**EXERCISE BRIEF**
Filter the entries for lines with the word "people".

**INPUT MATERIAL**
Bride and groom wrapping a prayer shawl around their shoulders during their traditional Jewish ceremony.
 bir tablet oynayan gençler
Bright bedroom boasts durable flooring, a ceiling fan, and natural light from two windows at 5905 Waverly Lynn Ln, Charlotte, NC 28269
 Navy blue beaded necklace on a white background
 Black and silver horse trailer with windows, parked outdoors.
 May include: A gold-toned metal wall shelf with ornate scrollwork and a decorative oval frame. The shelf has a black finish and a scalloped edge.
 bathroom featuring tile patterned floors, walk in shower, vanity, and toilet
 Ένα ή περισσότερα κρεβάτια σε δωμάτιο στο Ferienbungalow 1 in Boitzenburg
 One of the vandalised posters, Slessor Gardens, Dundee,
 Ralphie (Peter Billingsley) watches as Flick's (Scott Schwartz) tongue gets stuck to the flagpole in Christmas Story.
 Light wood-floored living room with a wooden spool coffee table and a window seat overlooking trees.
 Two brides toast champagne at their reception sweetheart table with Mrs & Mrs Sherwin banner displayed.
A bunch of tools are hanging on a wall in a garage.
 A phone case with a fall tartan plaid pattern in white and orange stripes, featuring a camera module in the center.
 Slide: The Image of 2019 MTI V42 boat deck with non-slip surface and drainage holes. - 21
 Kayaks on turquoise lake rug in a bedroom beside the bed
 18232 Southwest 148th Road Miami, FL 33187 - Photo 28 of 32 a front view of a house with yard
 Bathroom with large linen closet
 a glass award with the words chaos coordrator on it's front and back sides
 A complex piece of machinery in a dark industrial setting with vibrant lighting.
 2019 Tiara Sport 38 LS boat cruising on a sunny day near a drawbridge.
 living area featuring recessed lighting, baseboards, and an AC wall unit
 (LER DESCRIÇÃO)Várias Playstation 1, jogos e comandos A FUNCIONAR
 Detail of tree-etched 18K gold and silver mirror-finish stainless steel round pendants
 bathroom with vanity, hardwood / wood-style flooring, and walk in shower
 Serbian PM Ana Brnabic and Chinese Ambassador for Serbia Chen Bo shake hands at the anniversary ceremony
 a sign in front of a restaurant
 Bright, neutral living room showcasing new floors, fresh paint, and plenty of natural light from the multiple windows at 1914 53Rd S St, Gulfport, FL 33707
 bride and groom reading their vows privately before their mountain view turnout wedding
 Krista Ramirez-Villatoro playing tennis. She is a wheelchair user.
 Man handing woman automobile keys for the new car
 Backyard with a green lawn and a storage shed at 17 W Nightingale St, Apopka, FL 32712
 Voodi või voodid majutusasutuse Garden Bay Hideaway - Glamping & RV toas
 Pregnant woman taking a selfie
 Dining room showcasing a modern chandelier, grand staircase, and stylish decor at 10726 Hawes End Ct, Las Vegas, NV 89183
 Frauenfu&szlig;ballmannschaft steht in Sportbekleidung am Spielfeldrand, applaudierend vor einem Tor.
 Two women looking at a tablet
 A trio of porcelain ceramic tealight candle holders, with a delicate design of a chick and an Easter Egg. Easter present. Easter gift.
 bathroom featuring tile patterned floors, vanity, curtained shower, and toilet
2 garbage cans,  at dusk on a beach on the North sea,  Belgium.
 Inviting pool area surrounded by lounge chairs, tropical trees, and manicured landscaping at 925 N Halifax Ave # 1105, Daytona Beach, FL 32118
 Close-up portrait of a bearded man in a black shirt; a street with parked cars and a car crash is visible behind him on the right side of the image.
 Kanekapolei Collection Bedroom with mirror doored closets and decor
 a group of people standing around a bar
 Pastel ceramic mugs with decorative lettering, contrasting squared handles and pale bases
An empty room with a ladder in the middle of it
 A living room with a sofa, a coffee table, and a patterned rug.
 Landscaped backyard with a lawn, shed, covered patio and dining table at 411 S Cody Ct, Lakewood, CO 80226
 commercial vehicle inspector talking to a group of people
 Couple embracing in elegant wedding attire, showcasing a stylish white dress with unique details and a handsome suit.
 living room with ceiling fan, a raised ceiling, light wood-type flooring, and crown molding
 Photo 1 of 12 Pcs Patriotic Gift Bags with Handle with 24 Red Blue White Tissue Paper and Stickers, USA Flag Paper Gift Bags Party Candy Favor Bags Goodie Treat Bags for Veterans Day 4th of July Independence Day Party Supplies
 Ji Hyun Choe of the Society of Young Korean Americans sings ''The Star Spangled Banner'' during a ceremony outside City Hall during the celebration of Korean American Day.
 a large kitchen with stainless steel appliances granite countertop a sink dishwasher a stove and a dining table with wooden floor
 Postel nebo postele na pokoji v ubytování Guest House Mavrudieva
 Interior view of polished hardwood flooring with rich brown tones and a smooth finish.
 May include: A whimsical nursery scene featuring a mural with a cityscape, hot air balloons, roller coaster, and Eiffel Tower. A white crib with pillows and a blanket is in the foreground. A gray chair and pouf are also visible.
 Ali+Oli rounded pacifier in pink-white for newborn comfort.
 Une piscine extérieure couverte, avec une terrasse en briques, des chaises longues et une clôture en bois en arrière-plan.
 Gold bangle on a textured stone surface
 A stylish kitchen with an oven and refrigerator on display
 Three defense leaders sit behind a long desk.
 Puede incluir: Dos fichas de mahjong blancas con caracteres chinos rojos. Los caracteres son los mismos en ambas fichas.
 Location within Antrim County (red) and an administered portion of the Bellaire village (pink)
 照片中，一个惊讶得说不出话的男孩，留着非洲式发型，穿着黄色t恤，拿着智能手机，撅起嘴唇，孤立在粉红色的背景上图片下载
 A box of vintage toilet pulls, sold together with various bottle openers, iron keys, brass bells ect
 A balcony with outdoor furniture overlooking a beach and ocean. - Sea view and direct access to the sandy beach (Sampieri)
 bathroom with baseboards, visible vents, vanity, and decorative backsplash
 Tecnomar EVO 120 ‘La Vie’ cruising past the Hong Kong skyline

**ANSWER**
 a group of people standing around a bar
 commercial vehicle inspector talking to a group of people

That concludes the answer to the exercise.